It is 17 October 2019, the opening day of a trial in Hamburg's imposing criminal justice building that is historic in more ways than one. Bruno Dey is accused of being an accessory to a crime that took place more than seven decades ago: the murder of at least 5,230 inmates at Stutthof, a Nazi concentration camp in present-day Poland. He was seventeen at the time, and a member of the SS unit charged with administering and guarding the camps. Dey admits he served as a guard at Stutthof from August 1944 to April 1945, but he denies the accusation that he had any role in the murders, even as an accessory.

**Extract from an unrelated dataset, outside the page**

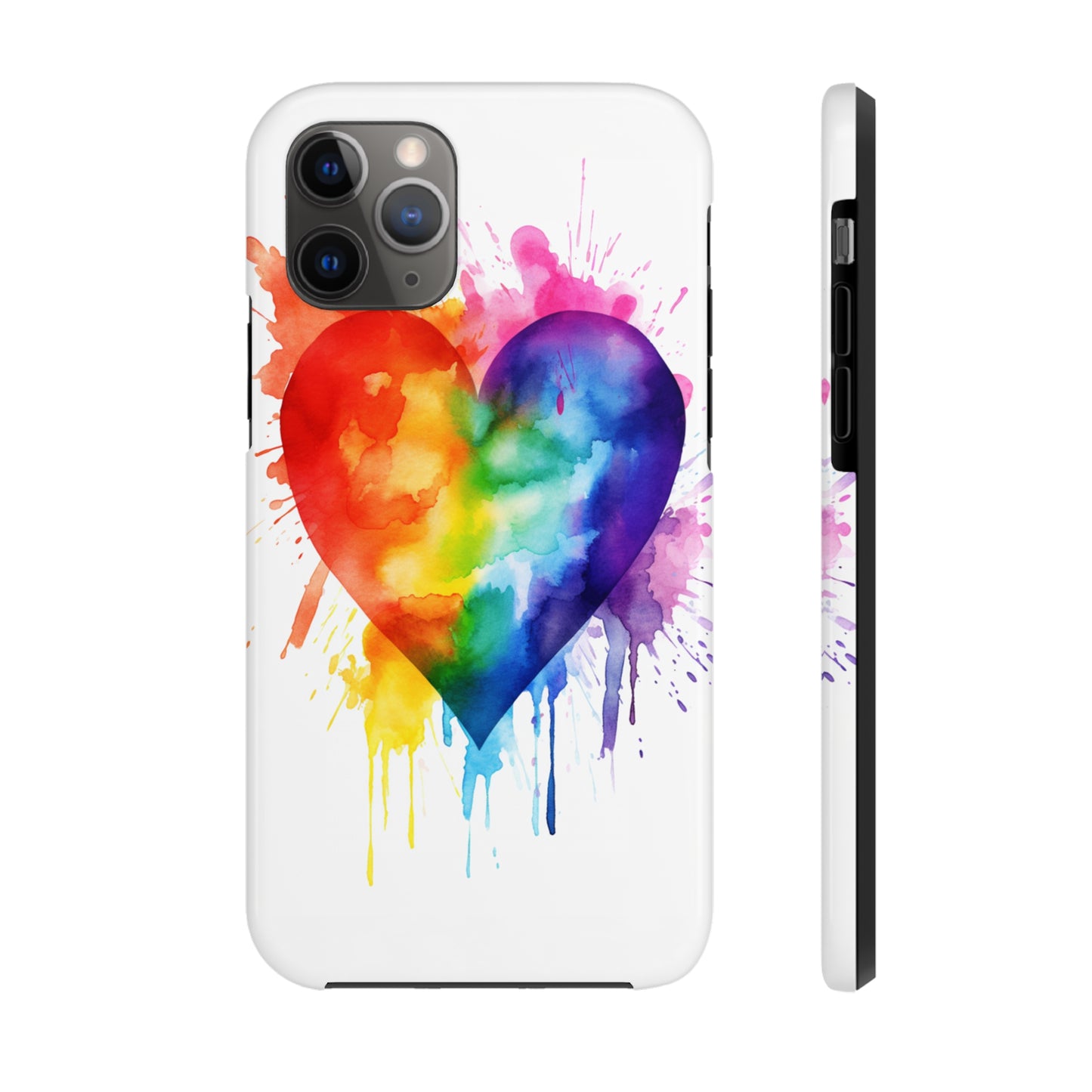 Gay Pride Rainbow Heart iPhone Case | Embrace Love, Equality, and LGBTQ+ Pride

The trial of Bruno Dey comes at a poignant moment for modern Germany. After fifteen years of stable government, the Merkel era is coming to an end and support for the AFD is ever-growing. The last members of the war generation - victims and perpetrators alike - are disappearing, and with them all first-hand knowledge of how the Holocaust came to pass. Against that backdrop, what is the significance - and the legacy - of the trial? Yet Dey's trial raises questions that touch not just on German history, politics and memory culture, but also on Buck's own family history. During childhood visits to see his German grandparents, those dark years were never spoken of, but he remembers the old wedding photo on the mantelpiece in their bedroom, his grandfather in uniform with a swastika armband. He knows little else about his record during the war. Why did he never ask?
Through the prism of this gripping and complex courtroom drama Buck explores its wider significance, both political and personal. In Final Verdict he interrogates the questions: is it right to punish Bruno Dey more than seven decades after he stood guard at Stutthof concentration camp? And what would I have done in his place?